1.宿命
人生において大切なことは幸せだったか不幸せだったか、この二つに帰結すると思う。
そしてそれは生まれ持って決められたものだと僕は信じる。
それは宿命という言葉を意味してると思う。
しかしこの際、幸せとか不幸せとかそんなことはどうでもいい。
宿命はそんなちんけなことを言うものではない。
もっと深くて果てしないものだ。
動物とか生き物にもこれは存在するが、僕は科学者ではないし知ったこっちゃない。自然愛好家でもないし。
僕は人間だから人間の宿命だけをこの際考える。
この世界には色んな人間がいる。簡単に言うとこれが宿命なのだ。
つまり僕たちはみなそれぞれ与えられた役を全うしているということだ。
貧乏な家庭で育った人が大人になって大金持ちになる。東大に行くような秀才。派手なものではこうだが、一般人の話になったらキリがない。

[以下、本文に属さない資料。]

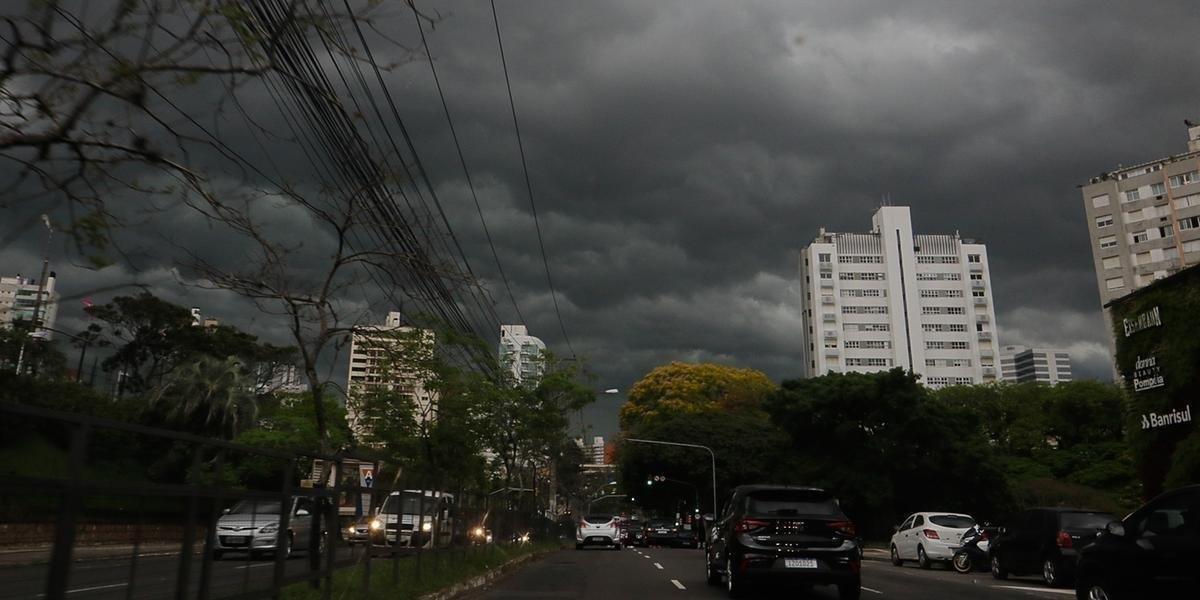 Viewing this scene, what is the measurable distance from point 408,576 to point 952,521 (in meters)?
16.1

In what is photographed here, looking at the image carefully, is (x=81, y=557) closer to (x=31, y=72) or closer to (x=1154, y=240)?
(x=31, y=72)

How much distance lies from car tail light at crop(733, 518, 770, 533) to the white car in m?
12.1

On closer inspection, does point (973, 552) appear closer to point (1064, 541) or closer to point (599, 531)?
point (1064, 541)

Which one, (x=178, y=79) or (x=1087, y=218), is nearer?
(x=178, y=79)

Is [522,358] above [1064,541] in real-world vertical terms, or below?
above

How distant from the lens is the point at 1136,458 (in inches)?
930

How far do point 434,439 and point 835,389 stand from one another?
30.4m

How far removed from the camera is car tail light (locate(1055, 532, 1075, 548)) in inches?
596

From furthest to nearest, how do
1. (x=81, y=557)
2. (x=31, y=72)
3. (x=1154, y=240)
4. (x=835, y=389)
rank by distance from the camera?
(x=1154, y=240)
(x=835, y=389)
(x=31, y=72)
(x=81, y=557)

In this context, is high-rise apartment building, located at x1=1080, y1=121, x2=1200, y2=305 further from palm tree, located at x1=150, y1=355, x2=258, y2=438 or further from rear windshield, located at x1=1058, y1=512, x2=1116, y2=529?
palm tree, located at x1=150, y1=355, x2=258, y2=438

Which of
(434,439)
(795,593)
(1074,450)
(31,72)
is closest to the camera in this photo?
(31,72)

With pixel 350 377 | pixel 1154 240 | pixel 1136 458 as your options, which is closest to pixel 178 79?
pixel 350 377

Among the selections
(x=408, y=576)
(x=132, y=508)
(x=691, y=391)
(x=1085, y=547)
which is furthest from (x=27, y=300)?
(x=691, y=391)

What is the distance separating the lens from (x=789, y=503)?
11.8 meters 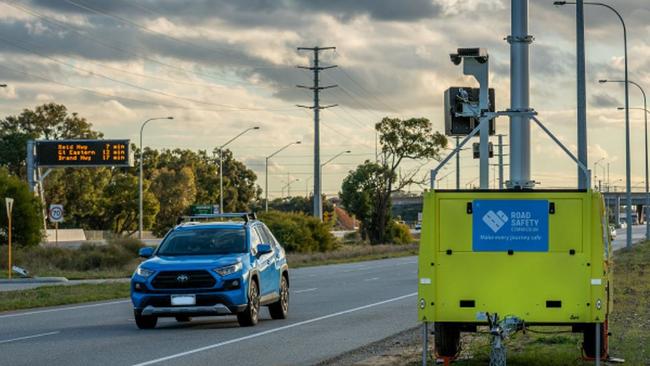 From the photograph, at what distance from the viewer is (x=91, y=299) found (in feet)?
96.8

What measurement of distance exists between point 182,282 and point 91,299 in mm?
10033

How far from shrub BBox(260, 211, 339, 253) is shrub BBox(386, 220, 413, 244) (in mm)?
18451

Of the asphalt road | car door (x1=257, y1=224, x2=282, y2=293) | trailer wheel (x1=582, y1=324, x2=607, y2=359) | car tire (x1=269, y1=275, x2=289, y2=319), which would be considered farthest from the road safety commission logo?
car tire (x1=269, y1=275, x2=289, y2=319)

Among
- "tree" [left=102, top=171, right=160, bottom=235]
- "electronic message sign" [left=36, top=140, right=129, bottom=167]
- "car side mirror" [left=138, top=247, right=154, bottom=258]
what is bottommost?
"car side mirror" [left=138, top=247, right=154, bottom=258]

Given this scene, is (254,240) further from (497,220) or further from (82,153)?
(82,153)

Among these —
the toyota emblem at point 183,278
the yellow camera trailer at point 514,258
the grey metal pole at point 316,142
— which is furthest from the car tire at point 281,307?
the grey metal pole at point 316,142

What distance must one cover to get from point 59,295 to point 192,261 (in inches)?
433

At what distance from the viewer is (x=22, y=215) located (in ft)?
195

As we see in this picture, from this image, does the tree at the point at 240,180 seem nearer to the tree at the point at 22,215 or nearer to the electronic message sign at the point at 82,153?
the electronic message sign at the point at 82,153

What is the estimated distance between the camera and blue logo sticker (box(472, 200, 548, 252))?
41.4 feet

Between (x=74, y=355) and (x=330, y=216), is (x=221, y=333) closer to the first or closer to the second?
(x=74, y=355)

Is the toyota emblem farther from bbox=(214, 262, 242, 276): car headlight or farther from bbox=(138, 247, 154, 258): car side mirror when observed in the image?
bbox=(138, 247, 154, 258): car side mirror

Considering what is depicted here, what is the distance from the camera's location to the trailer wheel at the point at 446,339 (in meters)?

そして彼らは人生の終わりに、フィナーレにこの宿命に気づくのだろう。
自分はこういう役だったな、と。
そう、人間は誰しもが役をもっているのだそれは社会において。
社会と言う莫大な規模の舞台で無数の人間が与えられた無数の役を無意識に演じているのだ。
それはいいことばかりじゃない。
残念ながら不幸なやられ役が存在する。
それが多分僕なんだろうな。
早春の朝、締め切ったカーテンから陽光がわずかに部屋に入る薄暗い六畳間に置かれた布団の中でエースは考えていた。
27歳、無職、家族は居ない。完全に一人だった。
エースは覚悟を決めた。
やられ役の自分は今までもこれからも不幸が待ってるだろう。
しかしそれが僕に与えられた役目なんだ。宿命なんだ。
それを受け入れる覚悟が決まった。
「よし、早速ハローワークに行こう」
エースはスマホで検索した求人票の一覧を指で素早くスクロールした。